Start of Collected material
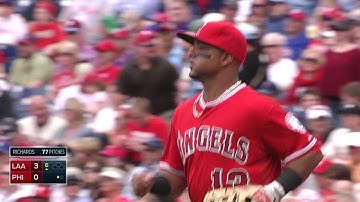 LAA@PHI: Jimenez charges bunt, throws for the out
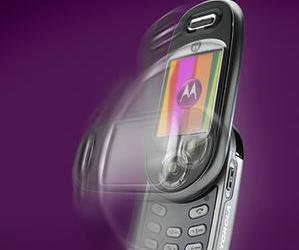 Три новых телефона и Bluetooth-гарнитура Motorola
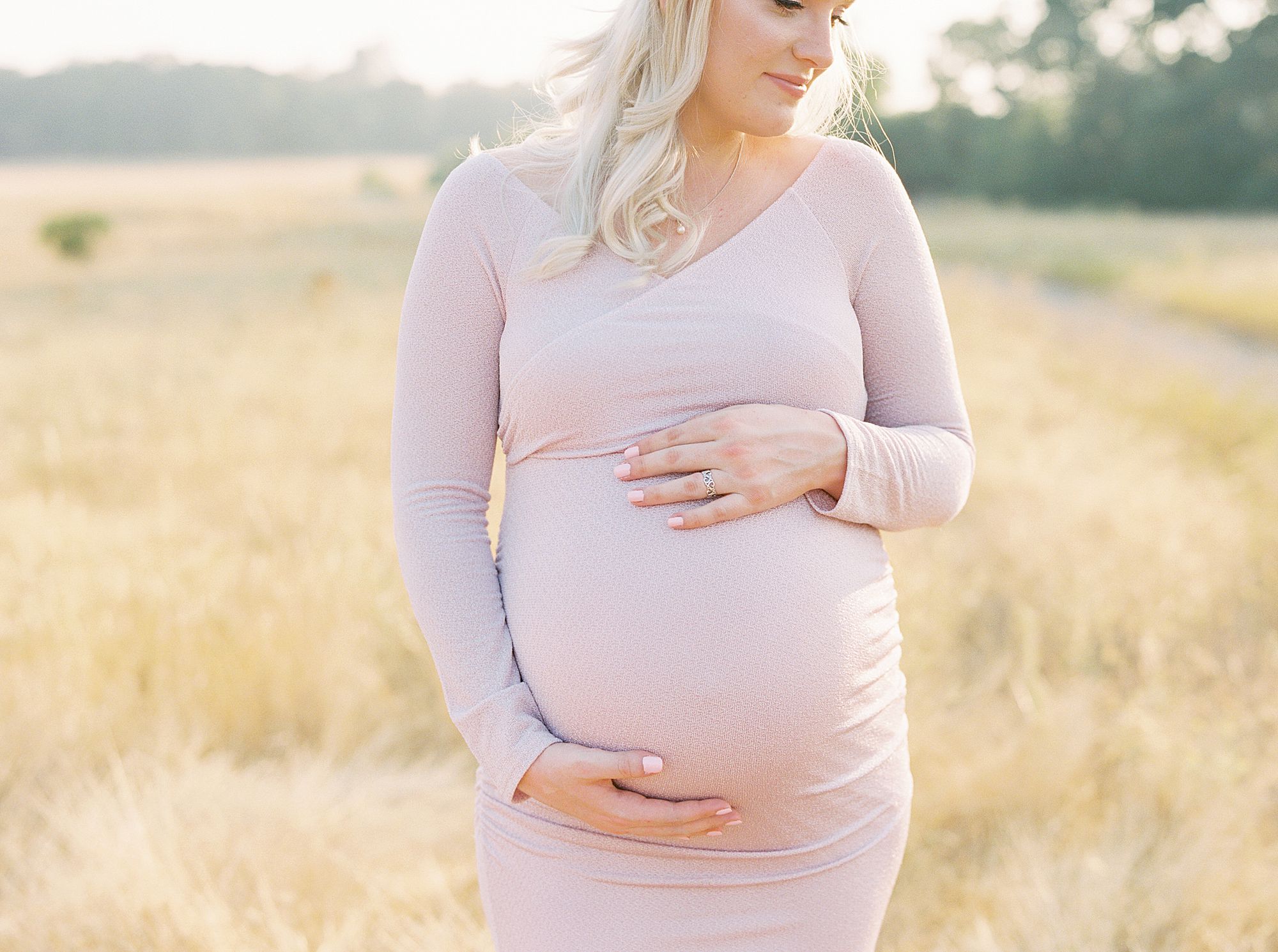 Golden Sacramento Maternity - Hannah and Connor - Ashley Baumgartner - Sacramento Maternity Photographer_0023.jpg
End of Collected material
— What is needed —
When you copy the lines above, drop the pictures and keep everything else exact.

— Result of this exercise —
 LAA@PHI: Jimenez charges bunt, throws for the out
 Три новых телефона и Bluetooth-гарнитура Motorola
 Golden Sacramento Maternity - Hannah and Connor - Ashley Baumgartner - Sacramento Maternity Photographer_0023.jpg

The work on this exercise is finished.